If you guys could give one piece of advice to teachers everywhere, what would it be?

Jake— Don’t quit. So often you can feel like you are not getting through and that you don’t have any impact on their lives, but it’s not always what you say. Just the fact that you’re there for them and not giving up on them can have a greater impact than you realise in the years to come.

Dickie— One of the best pieces of advice I got when I was training as a teacher was to ‘be present’. As a teacher it’s easy to just teach your lesson and the sit in the staff room for the rest of the day, but getting out there and talking to the kids is actually really rewarding. The kids really appreciate it and you’ll find they’re actually quite fun to work with, especially the really naughty ones, there’s something about them!

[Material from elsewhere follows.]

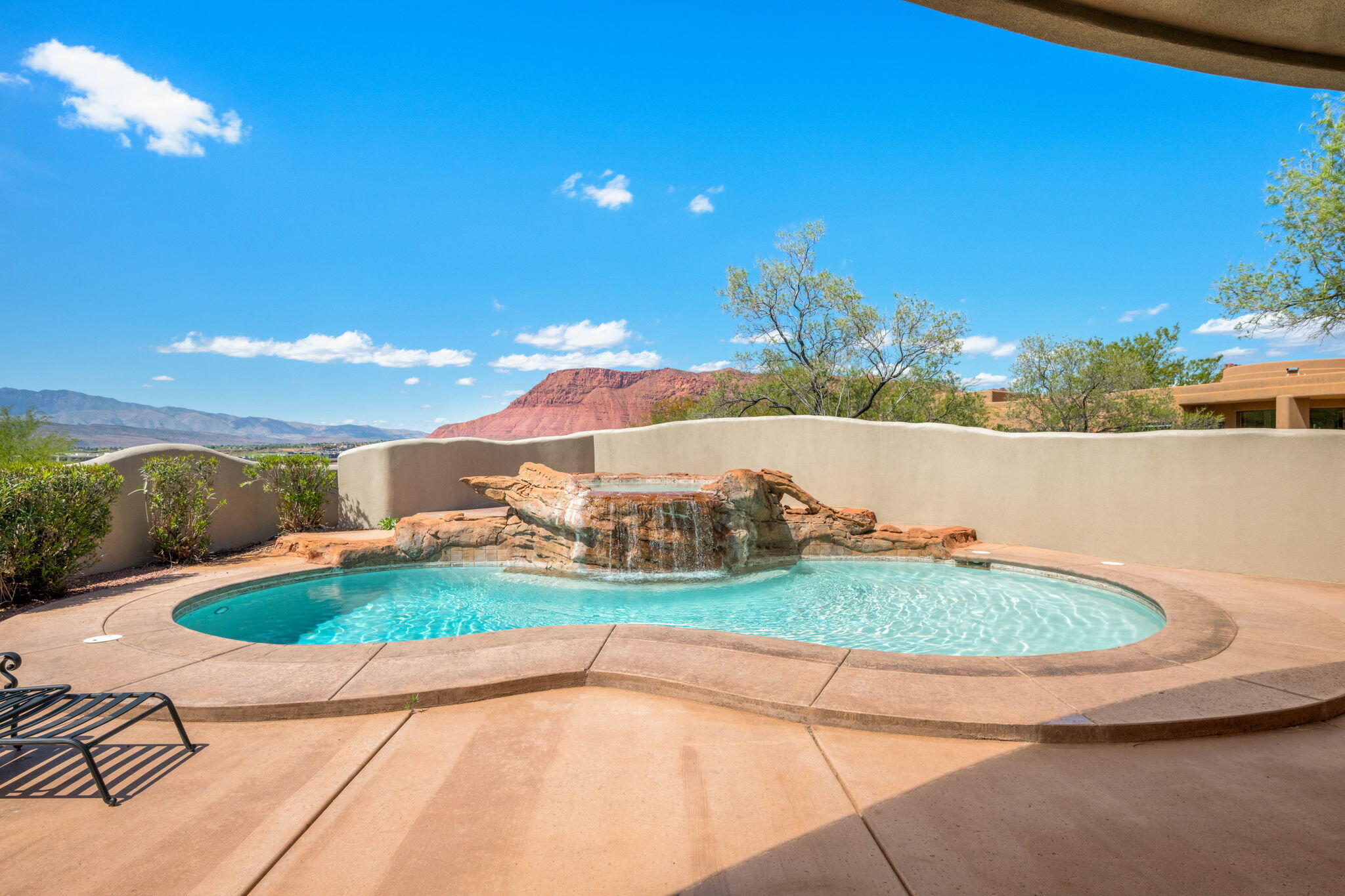 KACHINA CLIFFS AT ENTRADA - Residential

Dan— For me it’d be remembering that you actually can change a young person’s life by pointing them to a better future than the one they can see for themselves. One kind word in the corridor to a kid that’s really been through it, could literally change their narrative. Not just for that day but permanently.

Dan, yourself and Jo are committed to changing the narrative of youth in society and have recently been in conversation with the BBC, MET Police and the Mayor of London. We’d love to hear more about this?

Dan— It’s all stemmed from the health of our youth ministry. Last year I got an email from the Mayor’s office inviting me to join an advisory board for youth issues in London. I’ve been doing that for the last year and we’ve had the incredible opportunity to speak into some of the new policies and schemes that are launching, such as the new Violent Reduction Unit helping to tackle knife crime. The Metropolitan Police also came and saw our Schools Project assemblies and as a result we’re now officially endorsed, giving us access to almost every school in the country. From there we’ve even been able to do BBC interviews talking about youth issues and the part our church is playing in helping young people. It’s been wild! These doors and opportunities keep opening up to us.

Jo— With faith organisations in schools the door often is very tightly shut. So it is a miracle. Only God could open doors like that.

In what ways do you hope to see the Collective evolve in the future?

Dan— The Education Collection is quite new so I’m excited about more people coming and get involved in building this community. It’s not just for teachers but for anybody who works with young people.

Dickie— I’m excited to see teachers become inspired about what they do. I think for some teachers, they’ve forgotten that they didn’t get into this industry because they are passionate about standing in a room with a Powerpoint behind them, they’re passionate about the young people in front of them.

Jake— It’s true. I’m not necessarily passionate about school, but I’m passionate about young people and that’s where they are. So that’s where we go. It’s not about changing the Education system. It’s about changing the narrative for young people in Education.

And finally, is there any encouragement that you’d give to anyone who’s thinking about joining the Collective?

Jo— The Collective has the potential to reignite that passion within people for what they do. Don’t hold back, you don’t need a membership. Just turn up.